The southernmost of all Greece’s islands has, unsurprisingly, the longest summer. This is why at almost the end of October, it is still swimsuit weather by day and the evenings are balmy enough for outdoor dining. Some 260 miles from Athens, Crete’s long hot, dry summers are more similar to the north coast of Africa (187 miles away) than those of many Mediterranean islands.
At St Nicolas Bay Hotel (with just over 100 rooms, a member of the Small Luxury Hotels group), everyone is down at the beach for a dip in the sea or by one of the pools (there are several of these, with a choice of salt or fresh water). As I write, it’s the last hurrah of summer here, while back at home there are reports of the autumn’s first named storm. The season is, though, about to come to a fairly abrupt end. Come November, there are no direct flights to Crete (you can get here via Athens) and most of the hotels, including this one, close and won’t throw open their doors again till early April.
St Nicolas Bay is on the northern end of the east coast close to Agios Nikolaos, a small town with a horseshoe-shaped bay, dotted with fishing boats and a small public beach. The hotel has its own private beach and tiers above that of pools, bars, restaurants and quite gorgeous gardens filled with olive trees and the many sweet scented herbs for which Crete is so famous. The outside space is beautifully laid out and extensive – you never really feel there’s a crowd here – and all of the restaurants have inside as well as outside space.

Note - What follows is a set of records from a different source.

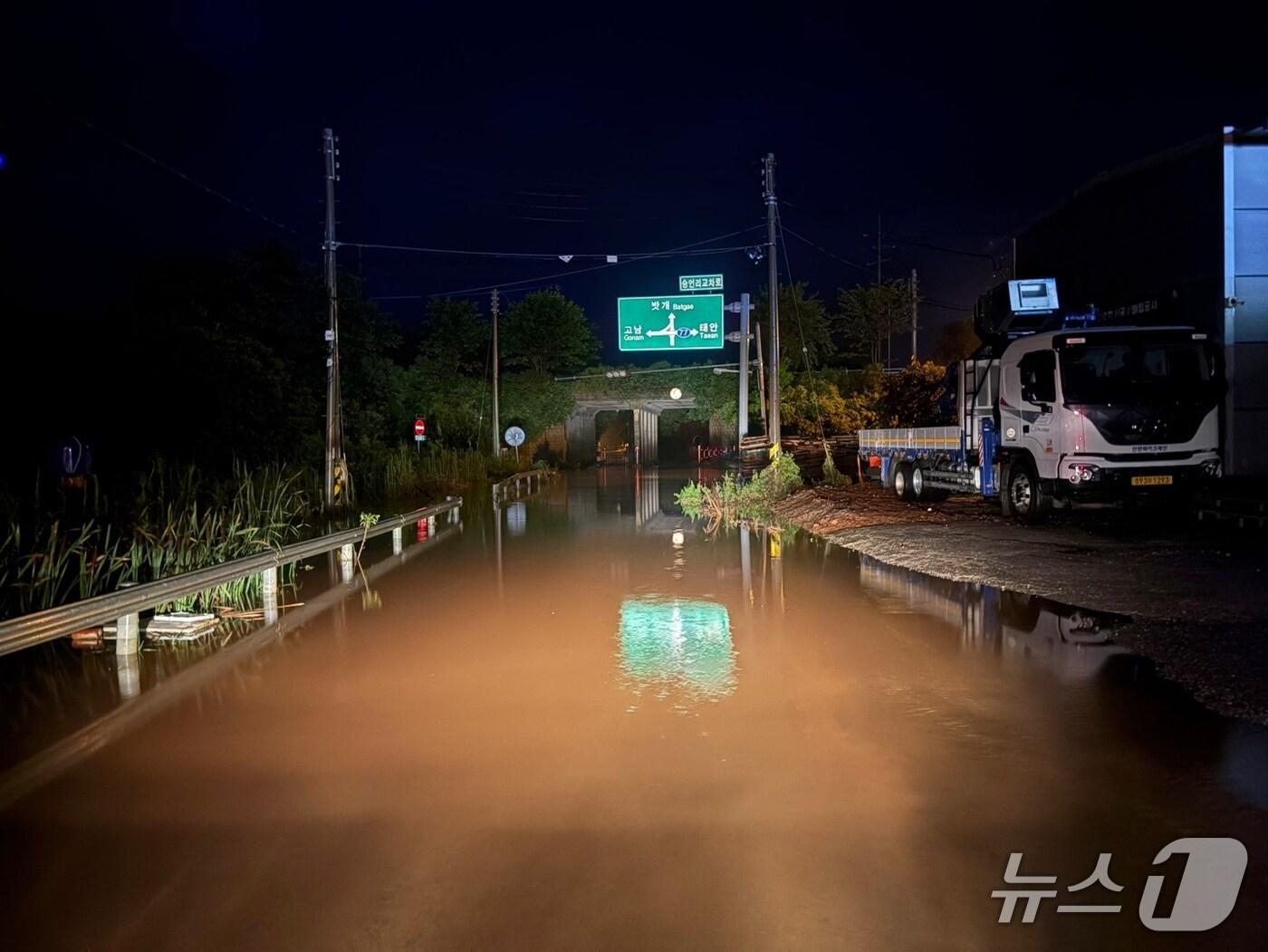 본문 이미지 - 안면도 승언리 교차로 도로 침수 모습 (태안군 제공. 재판매 및 DB금지)2025.7.17/뉴스1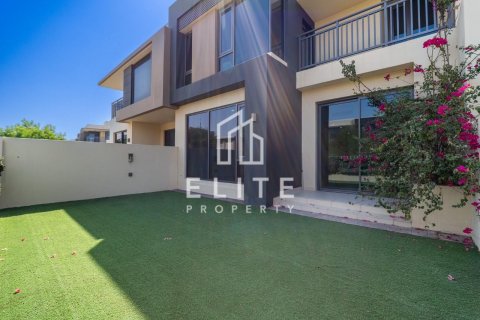 Villa in Dubai Hills Estate, Dubai, UAE 4 bedrooms № 681723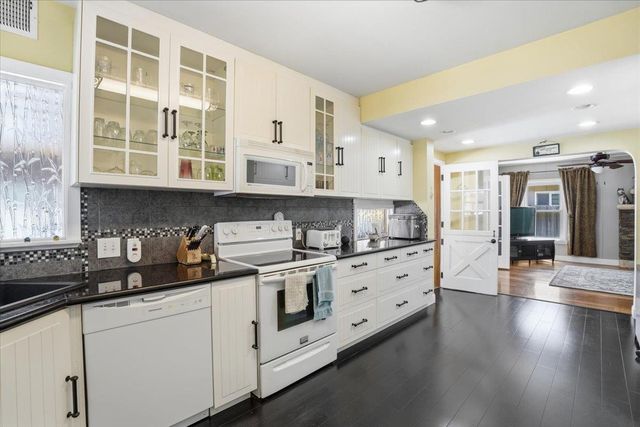 2141 Greely Dr, Marysville, CA 95901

The main restaurant, Labyrinthos, offers a five course dinner every night but there are also separate restaurants for breakfast and lunch, as well as two speciality restaurants. The Greek Kafenion offers, as you might imagine, Cretan cuisine including lamb and fish dishes and quite delicious salads. The Minotaure is the hotel’s fine dining restaurant with candlelit tables under the stars and often live music on a stage that seems to float on yet another pool.
And, of course, this being the spa column, they have the Poseidon Spa, too. Tucked away in a quiet corner of the property, they have the only heated indoor swimming pool in the hotel as well as a steam room and a sauna. This is a spa, though, that is primarily about the treatments and they have quite an array of them. There are hot stone, Polynesian, Ayurveda and more on the massage front, as well as body scrubs, a hammam, reflexology and a Poseidon Massage – vigorous and deep, it uses “Cretan beeswax” infused with such herbs as thyme, dittany and mint. Having been constantly travelling for several weeks, I felt I needed a gentler but relaxing massage and my therapist, Eleni and I settled on a local almond oil to restore my dry skin, too. A combination of circling movements (using arms, hands and thumbs), heating cloths and an intensive scalp massage did the trick and Eleni found all the knots that airline seats so generously give us.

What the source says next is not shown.